It’s all real with low-to-no-code tools

7 steps for AI-generated influencer creation — a complete hands-on tutorial

All together: Face — Video — Text— Voice

Alex Honchar
7 min readAug 16, 2024

--

Illustration by author

This will be a very short intro. When I saw Pieter Levels demo of an AI YouTuber I said to myself — I want to create one too! A couple of days after I got my results, and I want to share the whole process with you👇

Step-by-step tutorial

To see the results of this tutorial, you can check out the Instagram page of Jen or her TikTok — a virtual influencer teaching how to create virtual influencers with AI :) The bet I’d personally make is that the technology will only get better and better, as well as the results.

Jen can talk, walk, and even dance while explaining hands-on AI tools. Can your influencer team do the same and how fast? How much does it cost?
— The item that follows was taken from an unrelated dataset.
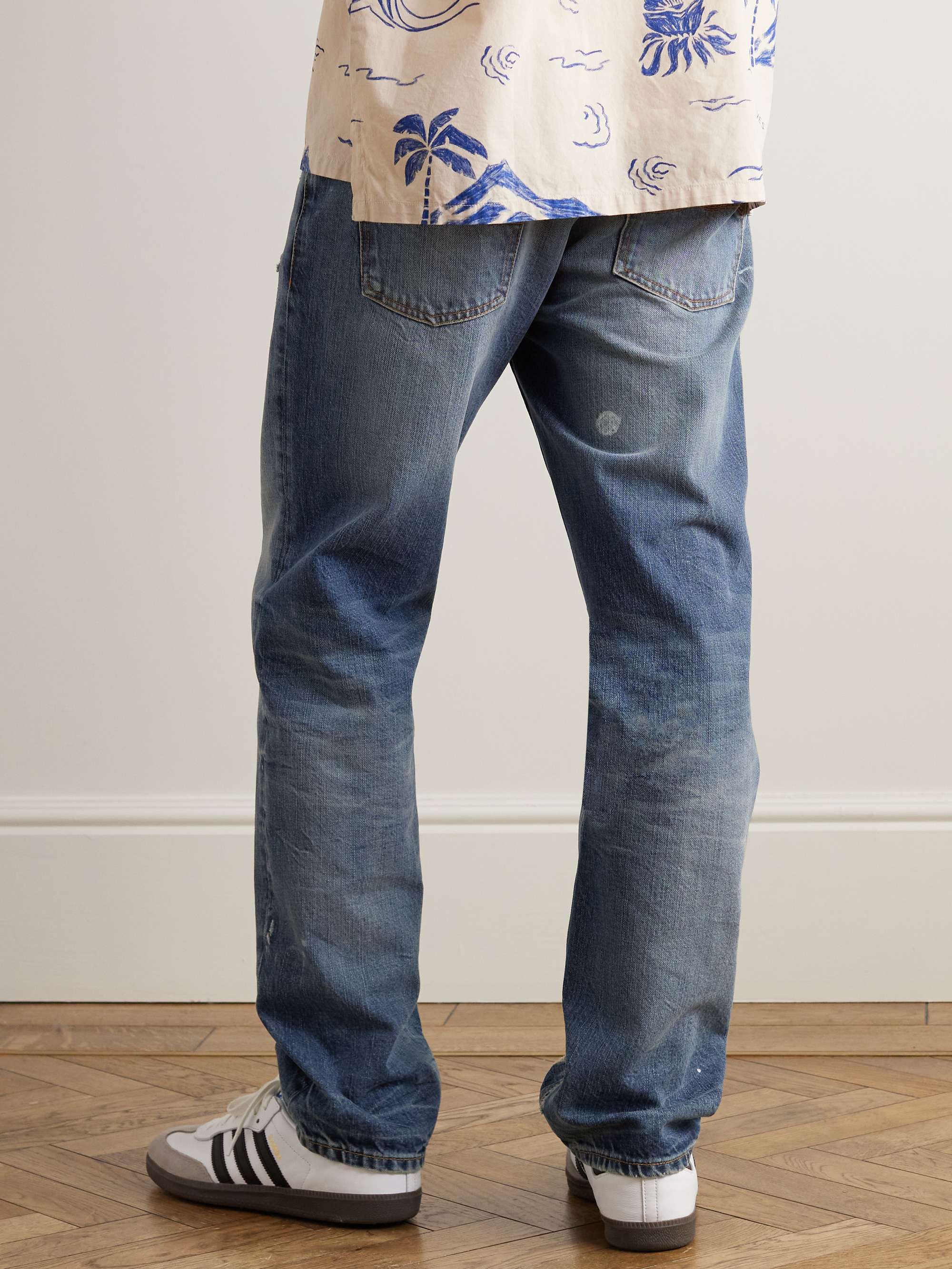 NUDIE JEANS 
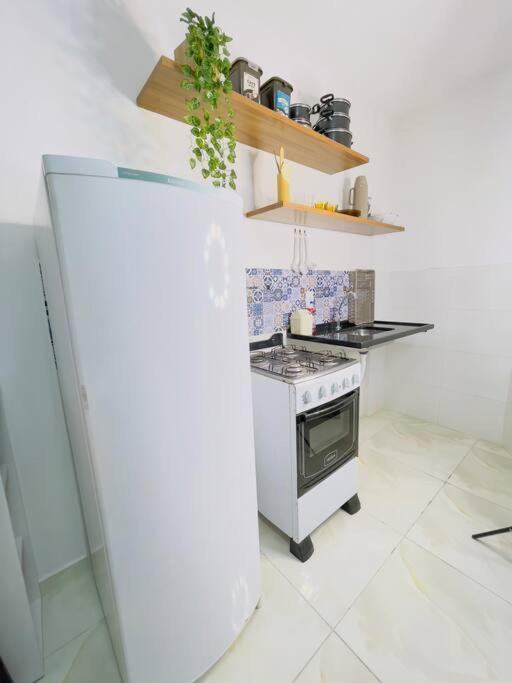 Flat Charmoso Na Cidade, Moderno E Prox A Fraga Maia Appartement Feira de Santana Buitenkant foto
1. Character and situation

We will start with FLUX, which is the newest model for image generation and is similar to the more well-known Midjourney or Stability. The overall experience is very straightforward — write what you want to generate and play with the results:

There are many guides on how to write a perfect prompt, but the best thing you can do is to provide a reference image and ask AI to generate a similar image:

I used open videos of Spanish TikTok influencer https://www.tiktok.com/@arianehoyos

2. Character consistency

As you can see, the faces in all the photos are different, but what I want is Jen everywhere! There are two ways to deal with this issue. The first and the easiest is to apply a face swap.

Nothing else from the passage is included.